What to produce: Exactly as written, retype the listing below, omitting the pictures.

(Data extract Opens)

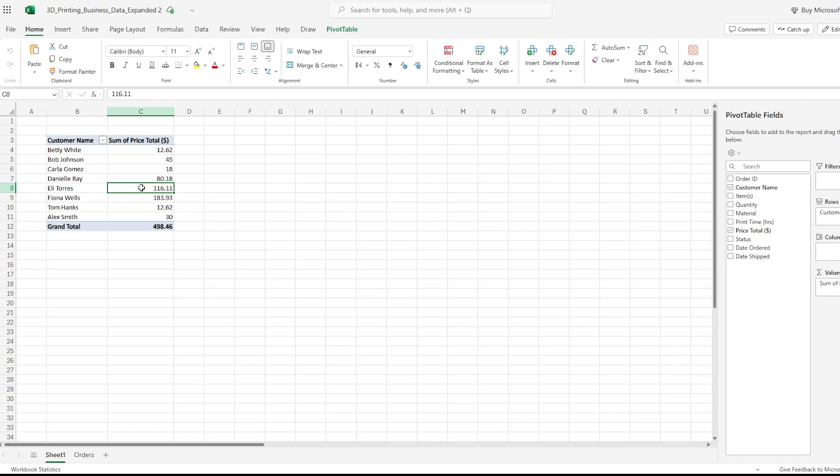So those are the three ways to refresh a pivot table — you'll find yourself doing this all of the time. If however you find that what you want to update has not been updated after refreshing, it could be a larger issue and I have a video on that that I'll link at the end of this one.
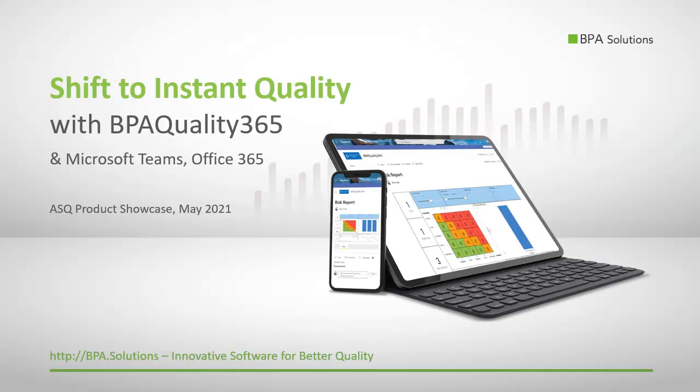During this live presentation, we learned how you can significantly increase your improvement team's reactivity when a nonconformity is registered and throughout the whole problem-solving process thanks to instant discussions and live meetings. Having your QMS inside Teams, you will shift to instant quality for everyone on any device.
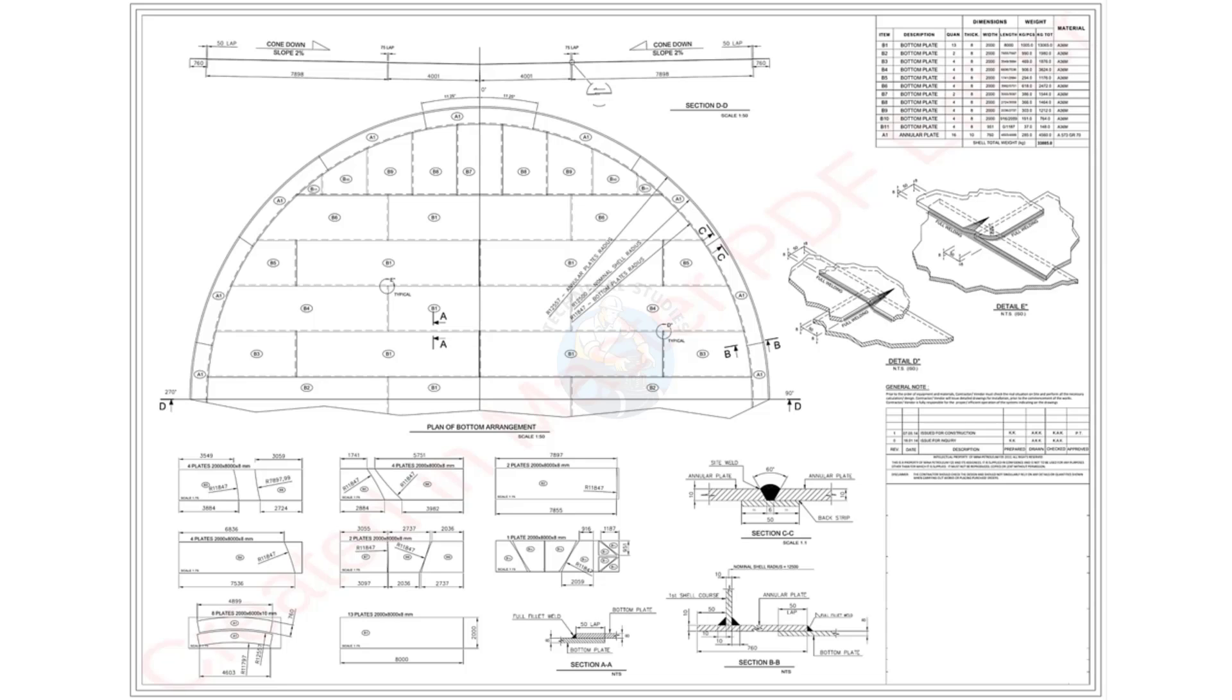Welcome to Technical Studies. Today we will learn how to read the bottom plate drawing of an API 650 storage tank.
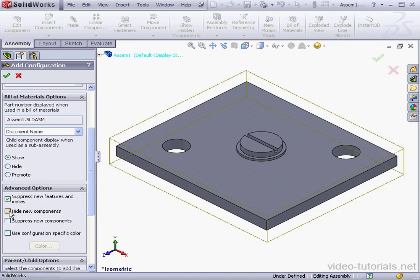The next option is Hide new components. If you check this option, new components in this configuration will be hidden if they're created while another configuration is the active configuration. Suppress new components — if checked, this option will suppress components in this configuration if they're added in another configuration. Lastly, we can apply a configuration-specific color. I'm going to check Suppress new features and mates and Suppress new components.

(Data extract Closes)

Answer space:
So those are the three ways to refresh a pivot table — you'll find yourself doing this all of the time. If however you find that what you want to update has not been updated after refreshing, it could be a larger issue and I have a video on that that I'll link at the end of this one.
During this live presentation, we learned how you can significantly increase your improvement team's reactivity when a nonconformity is registered and throughout the whole problem-solving process thanks to instant discussions and live meetings. Having your QMS inside Teams, you will shift to instant quality for everyone on any device.
Welcome to Technical Studies. Today we will learn how to read the bottom plate drawing of an API 650 storage tank.
The next option is Hide new components. If you check this option, new components in this configuration will be hidden if they're created while another configuration is the active configuration. Suppress new components — if checked, this option will suppress components in this configuration if they're added in another configuration. Lastly, we can apply a configuration-specific color. I'm going to check Suppress new features and mates and Suppress new components.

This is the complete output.